Students gathered on September 28 for an Honors Lecture titled "#generations: Social Change and the Politics of Youth" given by Professor Tauna Sisco of the Sociology Department. Her lecture explored the term "generation" by delving into its construction and use in social science research, especially in contrast to previous generations, including Generation X, Baby Boomers, and the WWII or "Greatest Generation." Sisco discussed civic responsibility, voting, volunteerism, and political engagement, and presented her findings that millennials most closely resemble the WWII generation in their activism.
In describing the millennial use of social media as a pathway for social activism and movements, Sisco remarked: "These social networks, and their wide use by the millennial generation allow for 'conscious movements' that often bridge the gap between local and global politics."
Professor Bede Bidlack of the Theology Department moderated a panel discussion on October 6 entitled "Catholic and Voting." The panel included three faculty members: Father Benedict Guevin, O.S.B., professor of Theology; Dean Christine Gustafson, Associate Dean of Faculty and professor of Politics; and Dr. Tauna Sisco. Each panelist spoke for ten minutes, before taking questions from an audience of students, faculty and friends of the college.
Panelists discussed the obligations of Catholic voters who finds points of agreement and departure on all sides. Professor Sisco addressed this challenge for many voters. "Values are not lining up from the top down, and that is why there is a level of inner turmoil in for Catholics," she said. All three panelists stressed the importance of casting a vote, even when faced with a complex dilemma.
Father Benedict described the process as a "moral obligation as Catholics to vote under the virtue and to participate in civic life as much as we are able to." In navigating this difficult decision, Dean Gustafson suggests that with faith, prayer, and a healthy dose of humility, Catholics are called to hope and reason. She maintained that elections cannot be decided on a single issue, and encouraged all informed citizens to carefully contemplate any number of issues before voting.
Students have also taken the initiative in organizing discussion among their peers during this historic political moment in American history, from straw polls to debate watch parties and an Election Watch "Voter Lab" organized by the Kevin B. Harrington Student Ambassadors.
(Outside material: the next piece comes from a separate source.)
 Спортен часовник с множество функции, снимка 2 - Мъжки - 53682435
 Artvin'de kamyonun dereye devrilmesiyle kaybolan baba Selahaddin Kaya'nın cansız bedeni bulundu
On November 2, the Honors Colloquium Class will hold an open discussion titled "The 2016 Election and The Good Society" at 5:30 p.m. in the Living Learning Commons. The event is open to all students, and was designed by the class to provide a forum for open sharing of ideas on the election and the many voices in our democratic society.
IN THE NEWS
College experts in related subjects are being called upon to analyze breaking political events at the same time that Saint Anselm students and faculty are reflecting on Catholic perspectives and generational voices in the election. Professor Elizabeth Ossoff and Assistant Professor Chris Galdieri have respectively contributed expertise this fall on voter behavior and election trends. Neil Levesque, Executive Director of the New Hampshire Institute of Politics, continues his role as a regular commentator for media close to home and around the world.
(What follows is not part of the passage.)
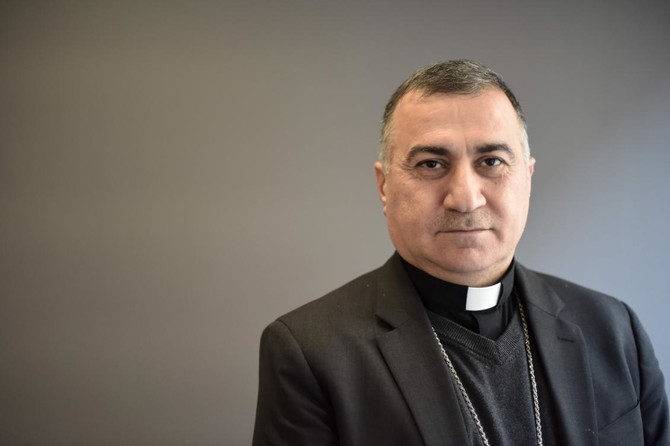 Iraqi bishop urges US aid for frontline community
Professor Ossoff, Chair of the Psychology Department, is a nationally-recognized observer of voter behavior. Especially during primary season in New Hampshire and certainly now with the general election a week away, Professor Ossoff is sought by such diverse media as Al Jazeera, The Los Angles Times, The Concord (N.H.) Monitor, and WTSN Radio of Dover, N.H. A recent treatise, "The Myth of the Rational Voter," explored the filters voters place upon themselves in the exercise of making political decisions. This view is addressed by this column in the Concord Monitor.
Assistant Professor Galdieri is an expert on the New Hampshire primary; at Saint Anselm, he teaches a course on the state's first-in the nation vote. Galdieri appears on media outlets from around the globe, with frequent appearances as a political analyst on WMUR-TV, the ABC affiliate in New Hampshire. When candidates stir the news cycle, Galdieri often comments, as in this recent appearance on Trump's statements about the outcome of the election.
As often (if not more) quoted than Professor Galdieri, Neil Levesque offers his insight and analysis of New Hampshire's critical role every four years in the political process as well as the state's position as a "swing state" with potential to change the balance of the U.S. Senate. Levesque is a "go-to" for media ranging from Greensboro, North Carolina and Lawrence, Massachusetts to every major U.S. television network, the Associated Press, Bloomberg Politics and Boston.com. When candidate activity prompts media to seek commentary from political experts, Levesque is frequently approached, as in this article on Reuters News Service.
This media coverage represents only a few of the hundreds of mentions of the college generated during the process of electing the next President of the United States. From the ABC News Presidential Primary Debates held here last winter and the Granite State Debates being broadcast from the NHIOP this week, to the campaign events and candidate appearances that take place almost daily on campus during the election cycle (which have featured every candidate from both parties, including nominees Hillary Clinton and Donald Trump), Saint Anselm truly becomes "America's Classroom" every four years. As a result, opportunities for civic education and engagement in the Anselmian community abound; whether politics majors, ambassadors in the Kevin B. Harrington program, or casual observers of political news, students at Saint Anselm College are part of an internationally-recognized institution and player in the world of politics.
Maggie Lynch '17 contributed to this story.